The Active Lifestyle segment includes the operations of the company’s soft goods business marketed under the Callaway, TravisMathew, Jack Wolfskin and Ogio brand names.

“We are pleased with our overall first quarter results with consolidated revenue and Topgolf same venue sales being in line with our guidance and our achieving better than expected net income, Adjusted EBITDA, EPS and cash performance,” commented Chip Brewer, president and chief executive officer of Topgolf Callaway Brands. “We are particularly pleased with Topgolf’s continued operational improvements as well as our performance in Golf Equipment where we gained market share with our new Ai Smoke clubs achieving the #1 market share in Driver, Fairway Woods and Irons and our new Chrome Tour balls driving our highest market share ever in the premium golf ball category. Finally, we continued our digital transformation with the recent launch of our new cross-brand consumer data platform, which will help unlock further synergies between our brands. Despite strong performance in our core businesses, we are lowering our annual revenue guidance by $80 million to a range of $4,435 to $4,475 million reflecting significant currency volatility and weaker trends at our Jack Wolfskin business. That said, we remain confident in our ability to drive bottom line and cash improvements and are reaffirming our adjusted EBITDA guidance and increasing our EPS and cash flow expectations, as well as paying off $50 million of term loan debt.”

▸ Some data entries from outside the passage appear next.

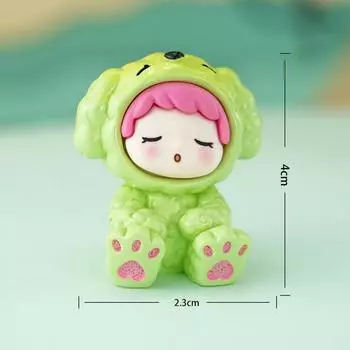 Кавайные резиновые фигурки собак из аниме-мультфильмов, модель куклы ручной работы, украшение для дома, автомобиля, подарок для детей и взрослых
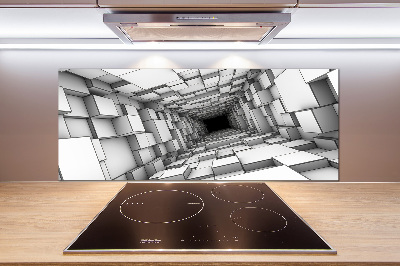 Panel do kuchyně Tunel z krychlí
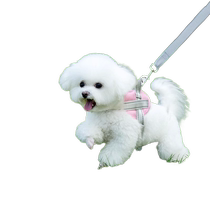 Pet puppy reflective outdoor traction chest and back anti-breakaway artifact Bichon Teddy dog ​​walking rope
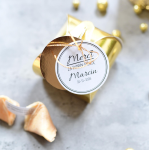 podziękowania za współpracę - ciasteczka z wróżbą ze złotymi boxami (minimalne zamówienie 15 szt.)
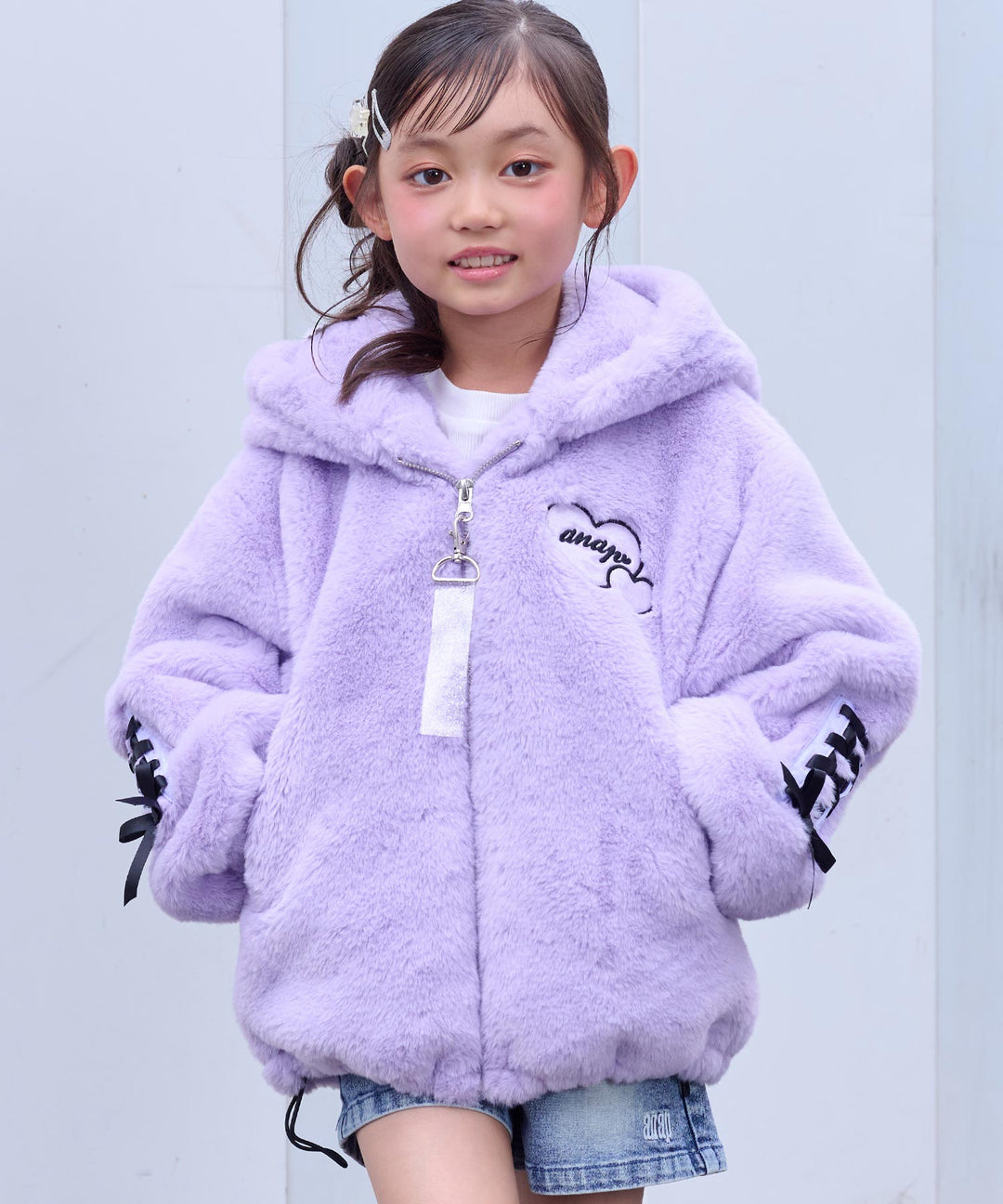 ラベンダー(120サイズ着用/身長：約112cm)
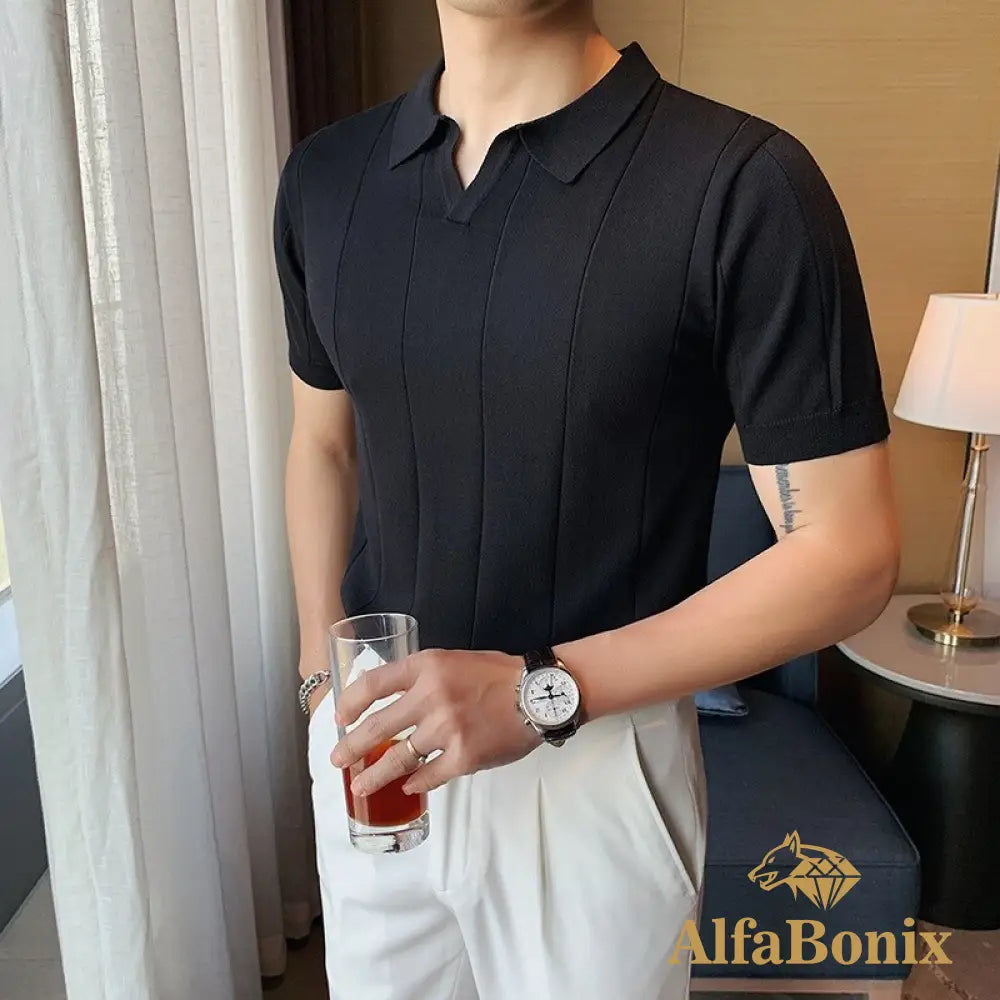 Camisa Polo Samicce Tricot® S031 Preto / Pp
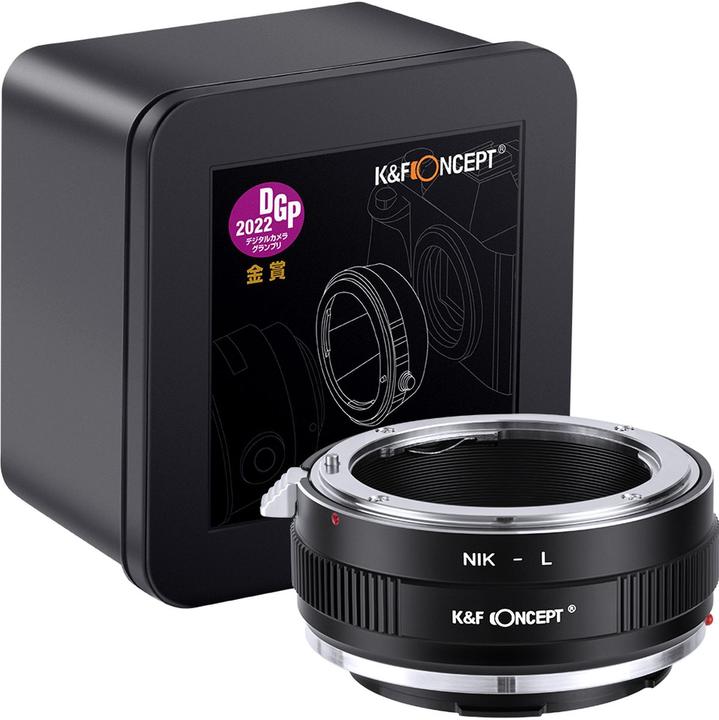 Immagine prodotto K&F Concept Attacco adattatore per obiettivo di alta precisione, NIK-L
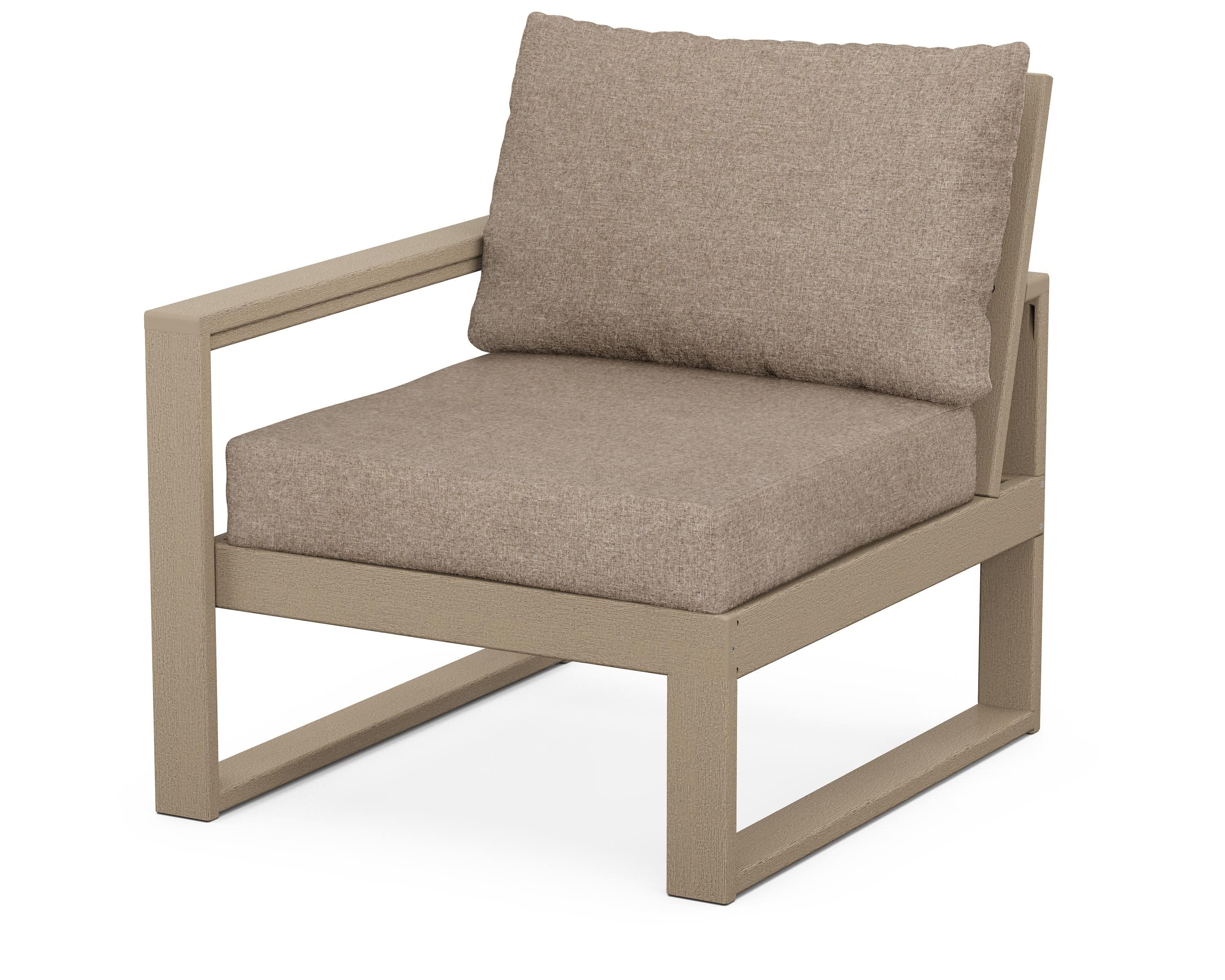 EDGE Modular Left Arm Chair in Vintage Sahara / Spiced Burlap
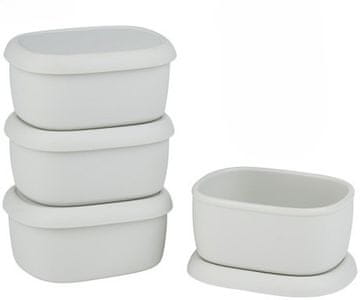 Alpina set posode za shranjevanje živil, 4 x 200 ml, bež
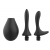 Черный анальный душ Nexus Anal Douche Set с 2 сменными насадками - Nexus Range - купить с доставкой в Люберцах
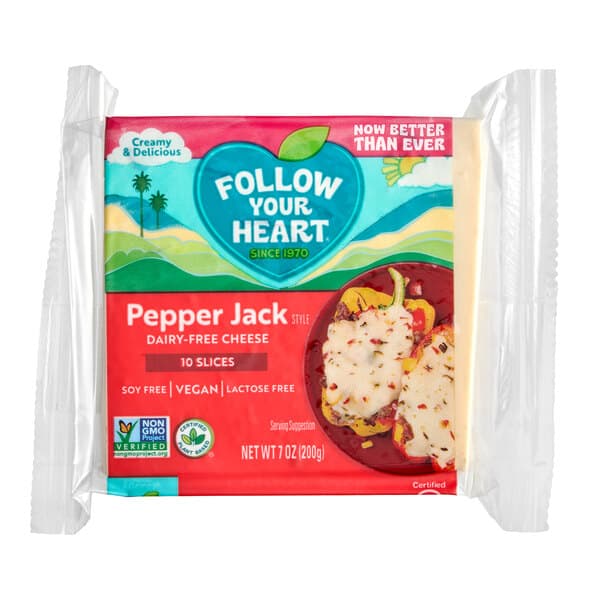 Follow Your Heart Dairy-Free Cheese Pepper Jack Style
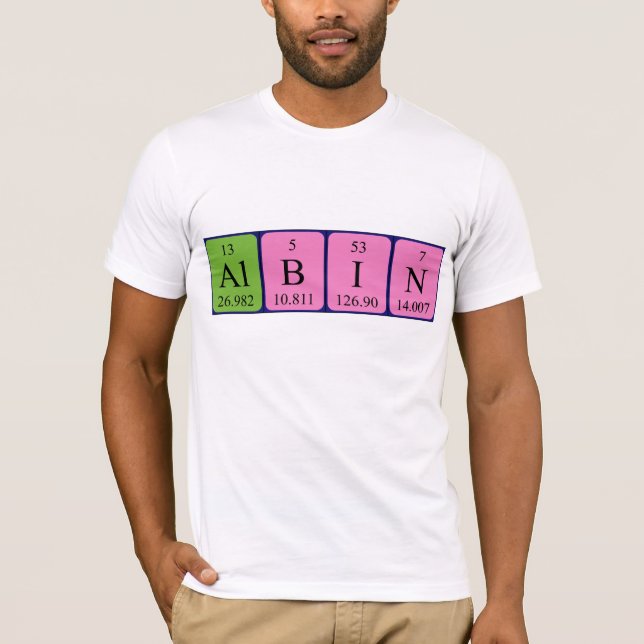 Albin periodic table name shirt (Front)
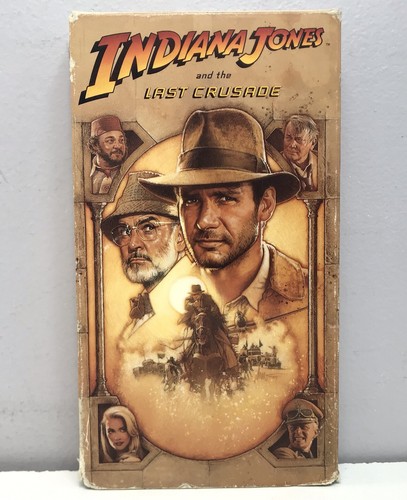 Indiana Jones & Last Crusade VHS Video Tape 1989 Ford Vintage Rare Buy 2 Get 1 Free!
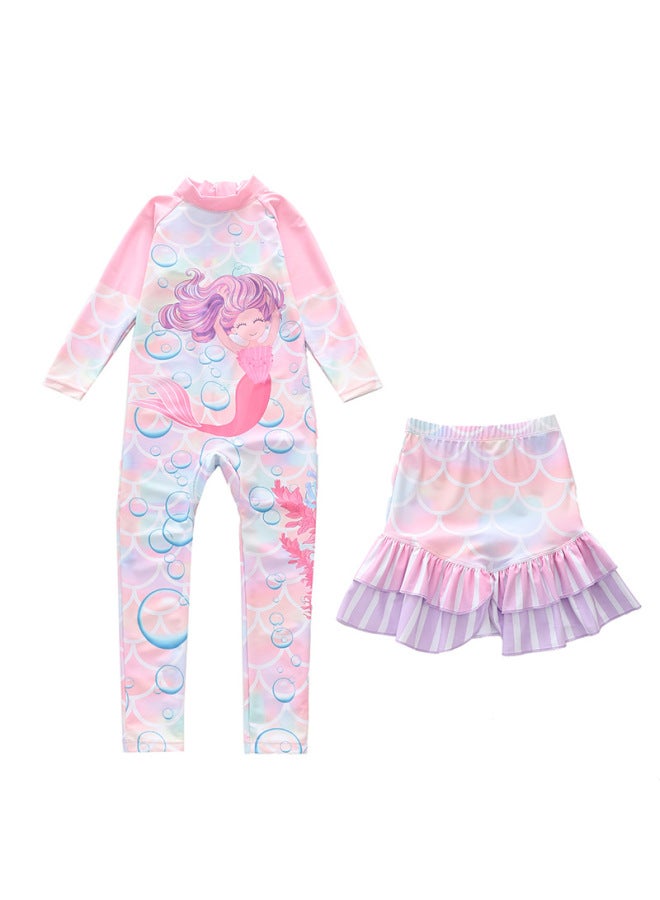 Children's Swimsuit Women's One-piece Swimsuit Surfsuit Girls' Long-sleeved Trousers New Two-piece Swimsuit Girls' Swimsuit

Consolidated Results Commentary
(all comparisons to prior periods are calculated on a year-over-year basis, unless otherwise noted)

The company’s net revenue of $1,144.2 million was in line with expectations and decreased 2.0 percent year-over-year, due to a 15.2 percent decrease in the Active Lifestyle segment, which offset a 4.8 percent and 1.4 percent increase in the Topgolf and Golf Equipment segments, respectively.

Income from operations decreased $13.6 million on a GAAP basis and $16.6 million on a non-GAAP basis. The decrease was largely driven by a $12.6 million decrease in Active Lifestyle operating income, partially offset by increases in Golf Equipment and Topgolf operating income.

Net income decreased $18.5 million on a GAAP basis and $17.4 million on a non-GAAP basis compared to the same period in the prior year. This decrease was primarily attributable to the decrease in operating income previously mentioned.

Adjusted EBITDA of $160.9 million grew 2.3 percent, driven primarily by an $11.7 million increase at Topgolf.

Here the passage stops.